A realization of this abstract "exception" object for HTTP/JSON could perhaps use shorter names than are used now, as well as allowing any additional fields as specified in some service IDD, such as in in:

{
  "text": "string",
  "code": "string or integer"
}

"text" should be a human-readable error description, while the "code" should correspond to a well-defined identifier associated with the Arrowhead SD/IDD of the service in question. Just including the HTTP status code in the message, as is done today, repeats the information already available in the HTTP response. The "code" field could be seen as the combination of the "errorCode" and "exceptionType" fields in the old error object.

Abstract Requests and Responses

What would be the semantics of the responseCode and responseMessage you propose? Do you imagine that the information is collected from the HTTP/CoAP/MQTT/AMPQ/JSON-RPC/etc protocol header? Would there be any specific Arrowhead semantics?

I'm not sure what you are proposing with the correlationId. If using e.g. HTTP, there is no need to explicitly associate requests with responses as it is a strict requirement for the transmission medium to be reliable (i.e. TCP must be used) and for responses to arrive in the same order their corresponding requests were sent. See RFC7230, Section 2.1 and Section 6.3.2. Most transport protocols have some built-in mechanism for associating requests with responses which whatever Arrowhead system using them can piggyback on. CoAP, for example, requires the use of message IDs (see RFC 7252, Section 2.1) as it is intended to be used with UDP, which does not guarantee a reliable transport medium. Do you imagine that raw sockets could be used, or something else?
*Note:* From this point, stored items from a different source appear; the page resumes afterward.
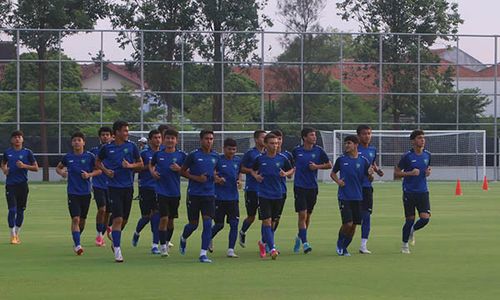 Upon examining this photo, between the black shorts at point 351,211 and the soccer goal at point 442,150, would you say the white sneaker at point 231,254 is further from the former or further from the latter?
the soccer goal at point 442,150

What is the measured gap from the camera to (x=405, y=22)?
217ft

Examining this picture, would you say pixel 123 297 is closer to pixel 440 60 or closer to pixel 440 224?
pixel 440 224

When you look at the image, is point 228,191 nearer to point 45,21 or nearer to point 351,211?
point 351,211

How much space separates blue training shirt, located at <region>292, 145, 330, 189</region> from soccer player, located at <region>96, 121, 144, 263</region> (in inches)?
117

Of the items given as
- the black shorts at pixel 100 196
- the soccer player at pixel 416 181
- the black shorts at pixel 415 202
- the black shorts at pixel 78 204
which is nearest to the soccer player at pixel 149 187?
the black shorts at pixel 100 196

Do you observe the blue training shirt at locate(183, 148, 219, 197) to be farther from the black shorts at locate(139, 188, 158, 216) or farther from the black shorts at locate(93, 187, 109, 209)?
the black shorts at locate(93, 187, 109, 209)

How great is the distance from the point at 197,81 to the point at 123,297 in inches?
1773

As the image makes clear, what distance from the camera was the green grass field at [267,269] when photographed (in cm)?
1330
I'm very much convinced that the use of transactionIds is very appropriate for messages that indeed are related and should succeed of fail together (like transactions in SQL). I'm very unsure if requiring the field for every Arrowhead message, nomatter if transactional behavior is applicable, is worth the complexity and space overhead it would introduce. Do you have any particular application in mind where you want transaction IDs?

Pagination Semantics

Yes! We need this! Thank you for taking this up! :1st_place_medal: :-) An alternative to this in HTTP is range queries, which can be used both for bytes and for arbitrary objects (see MDN - HTTP range requests for information about how they can be used for bytes). If URI query parameters or range queries are used doesn't really matter. The point is that it is often very useful, especially for Arrowhead service "functions" that return lists of things, to reply with a subset of the elements in whatever list was requested, either because a subset was requested or to limit the memory overhead introduced by encoding and sending large lists of things. Range queries have the advantage that they can be used even if the requesting system did not specify that it wanted a range, which cannot be done with query parameters.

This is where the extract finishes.